Con la independencia de México el Virreinato de la Nueva España no sólo acabará fragmentado, y perderá el comercio con Filipinas, sino más que la mitad del territorio del nuevo país acabará en manos de Estados Unidos en 1848, la práctica totalidad del oeste de ese país actualmente.

La tragedia mexicana se acrecentará a partir de la guerra civil de 1836 y de la pérdida de enormes extensiones de territorio conquistadas por los Estados Unidos de América. La situación de permanente bancarrota se agravó con una pésima política comercial basada en el proteccionismo y en la aplicación de aranceles prohibitivos a las importaciones. Es tal el peso de este ingreso para las arcas republicanas, que entre 1825 y 1845 supuso un 44% del total de ingresos del Estado, llegando a un 61% en 1880. El comercio con España prácticamente desaparece a raíz de las hostilidades entre ambos países. Tal fue el efecto negativo para la economía mexicana de la expulsión de los peninsulares entre 1827 y 1836, que aquellos estados en los que más peso tenía la actividad ejercida por los españoles, trataron de escamotear su aplicación.

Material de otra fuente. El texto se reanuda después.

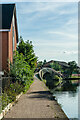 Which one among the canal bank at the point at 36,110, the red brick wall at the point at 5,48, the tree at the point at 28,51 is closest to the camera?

No fue distinto lo sucedido en el extremo sur del continente. La importancia de la cría ganadera en Argentina era tal, que previa la independencia, un importante funcionario de la Administración Virreinal, Antonio Carrió de la Vandera, aseguraba en su correspondencia que “se puede decir que las mulas nacen y se crían en las campañas de Buenos Aires, se nutren y fortalecen en los potreros de Tucumán y trabajan y mueren en el Perú”. 

Esta especialización, y la existencia de un inmenso mercado andino, hacían de la actividad ganadera un lucrativo negocio que la independencia puso en serias dificultades. No es de extrañar que los principales criadores de ganado de Tucumán acabasen convirtiéndose en destacados caudillos de partidas realistas durante el conflicto secesionista.

A esto añadiremos el peso económico regional que obtuvo Buenos Aires con la creación del Virreinato del Río de la Plata, y el paso a su dependencia administrativa del Altiplano andino y sus minas de plata. La plata boliviana pasó de ser transportada y cargada en puertos del Pacífico, a ser trasladada a Buenos Aires y suponer un 70% del valor de las mercancías que se cargaban en este puerto. La independencia acabó con los cargamentos de plata y arruinó al sector de cría de Jujuy y Salta.

Los ingleses quisieron cobrarse su influencia controlando el comercio del sur americano y estableciendo áreas de libre comercio y navegación, para las que la naciente república rioplatense suponía una amenaza, propiciando la creación de Uruguay y conduciendo a la guerra con Brasil.

Puñal gaucho de Argentina en el siglo XIX.

Sucedería lo mismo en el antiguo Virreinato del Perú. El abandono de las minas, el cierre de los mercados interamericanos y la saturación del mercado con productos británicos llevaría a décadas de atraso y decadencia. Solo el descubrimiento del poder fertilizante del guano y la explotación salitrera en el sur de Perú y norte de Chile, supondrán un despegue económico, pero a la vez una serie de graves conflictos con las nuevas naciones vecinas.

Las independencias no fueron la arcadia feliz que los líderes independentistas preconizaban. Si bien es necesario reconocer que la política monopolística hispánica no contribuyó especialmente al desarrollo económico de Las Españas de ambos continentes, tampoco esta fue ajena al devenir internacional y a la política típica del resto de naciones. La reforma borbónica contribuyó al crecimiento y a la expansión comercial y enriqueció a unas élites que, influenciadas por los británicos, creyeron que la independencia sería la solución a todos sus males, cuando no fue más que el peor de los remedios y durante décadas, el motivo de un subdesarrollo y una inestabilidad política que llega a nuestros días.